** Opening Provided data block **
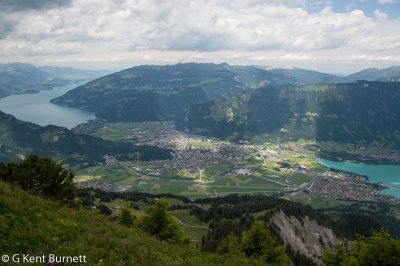 Interlaken from Schynige Platte
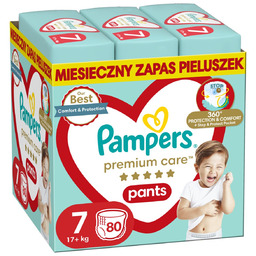 Pampers Premium Care Pants Pieluchomajtki, rozmiar 7, 80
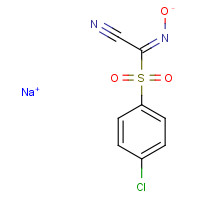 91982-77-3 sodium;(1E)-1-(4-chlorophenyl)sulfonyl-N-oxidomethanimidoyl cyanide chemical structure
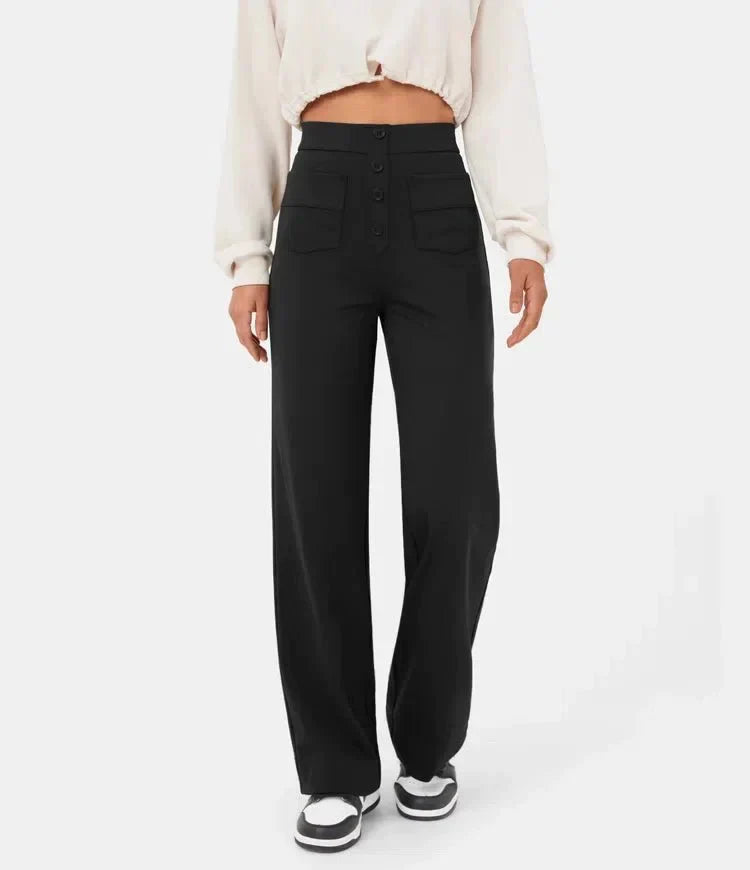 Vicky - Wide-Leg High-Waisted Trousers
** Closing Provided data block **
Beginning with the line that contains "cyanide chemical structure" and ending with the last line of the data, restate each line word for word. Exclude the pictures.

**Result for this task**:
 91982-77-3 sodium;(1E)-1-(4-chlorophenyl)sulfonyl-N-oxidomethanimidoyl cyanide chemical structure
 Vicky - Wide-Leg High-Waisted Trousers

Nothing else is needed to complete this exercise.